Q. In July 2010, I booked a Spirit Air flight from Detroit to Montego Bay, departing May 6, 2011 and returning May 14, 2011, and I also booked an all inclusive resort stay for the same dates. In March, Spirit Air sent me a note stating the May 6 flight was cancelled and I was rebooked on a flight for May 7. I had already paid for the eight-day all-inclusive resort and it was non-refundable but now I was on a seven-day vacation. Then in December 2010, unaware that I was going to have the issues with Spirit Air in March 2011, we booked another trip from Detroit to Montego Bay from Nov 6-15, 2011.  Again, we booked an all-inclusive vacation for that time frame.  Well you can guess what happened.  Today, Spirit Air sent me a note that they have cancelled the flight on November 15 and rebooked me for a Nov 14 flight. Again, I pay for one day of vacation I will not be able to use.

Does Spirit Airlines have any obligation to compensate me for the days I pay for and then cannot use?  Other than learning my lesson and not booking Spirit again, do you have any other suggestions.

A. Unfortunately this sort of thing happens all the time. Even most travel insurance policies, had you bought one, won't cover losses to non-refundable land arrangements caused by airline schedule changes such as the ones you describe. What's needed, in my opinion, is a D.O.T. regulation requiring airlines to make passengers whole when there's a schedule change that is made well in advance.

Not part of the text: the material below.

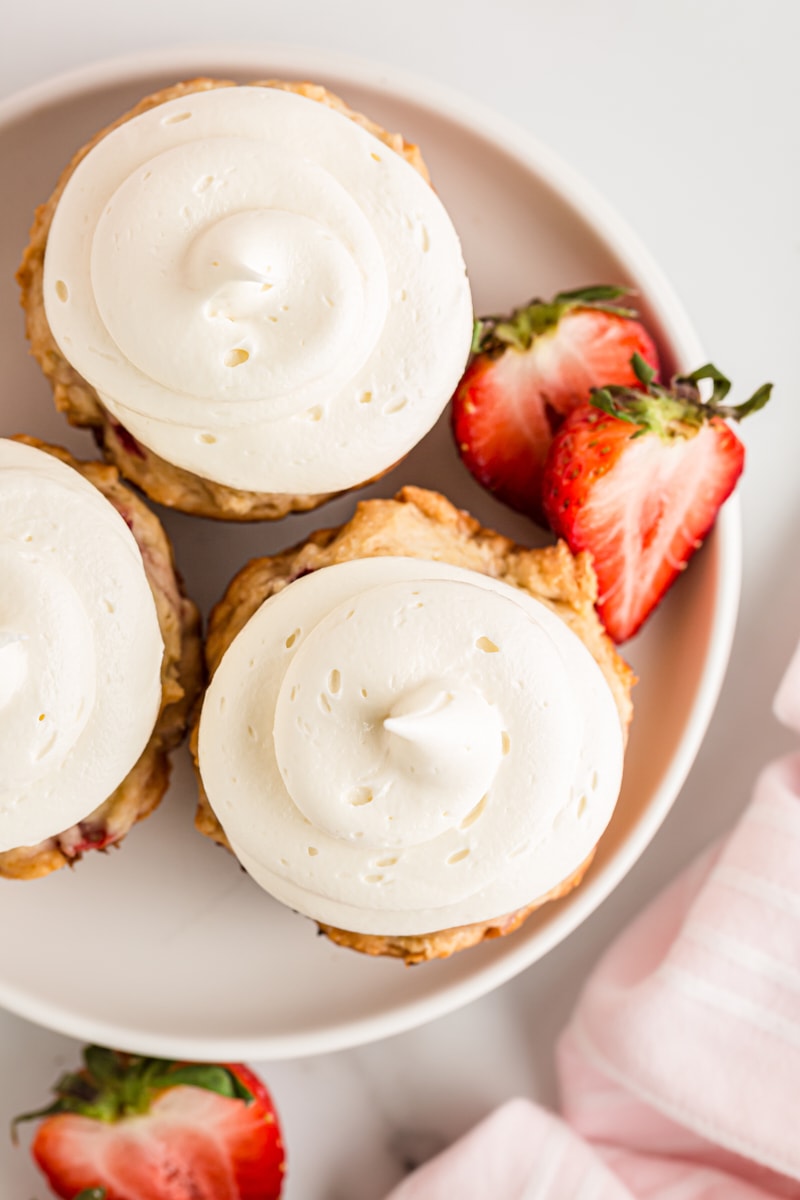 Overhead view of 3 strawberry cupcakes on plate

Either the airline should put you on another airline or at the very least give you a refund or a voucher good for future travel in the amount of your loss.

Cutting it Close on Connections

Q. I am flying into Los Angeles International Airport from Tokyo on Korean Air, arriving at 9:15 a.m.  I am connecting to another flight departing at 11:10 a.m. on American Airlines to Sacramento.  Do you think two hours is enough time for me to make it onto that domestic flight, given I also have checked luggage? Would Korean Air help me transfer my luggage to American Airlines? Or would I have to claim luggage, go through customs, and reenter American Airlines' terminal and go through the check in process again?

A. Whenever you transfer from an inbound international flight to a domestic connecting flight, you have to claim your bags and go through customs and immigration. Then you have to check your bags in with the connecting airline. If all goes well and your inbound  flight is on time, it's conceivable that two hours is enough time, but when you do the math, you'll see that you're cutting it close and setting yourself up for stress.

Figure it takes 10-15 minutes just to deplane a wide body jet depending on the class of service you're flying in (they let the economy class flyers deplane last).  Walking to baggage claim might take another 10 minutes. Waiting for your bags to appear? Typically 15 minutes but it could take longer. Going through passport control? Who knows. It could take anywhere from 10 minutes to an hour. Then you have to change terminals, check in your bags with the connecting airline, go through TSA, walk to the gate, and be in your seat 15 minutes before departure or they might give your seat away.  So is 1 hour and 55 minutes enough time? I'm having heart palpitations even thinking about it. I'd give yourself at least four hours to make a connection like this safely.

Can they really change my flight and charge me more?

Q. I was booked on a nonstop flight, which was canceled and instead put on a connecting flight on the same airline. Because it connected, I was charged an additional passenger facility fee of $10. Can the airlines do this? Is it fair?

A. This is simply ludicrous. But yes they can, and no it is not. The money goes to the airport, not the airline.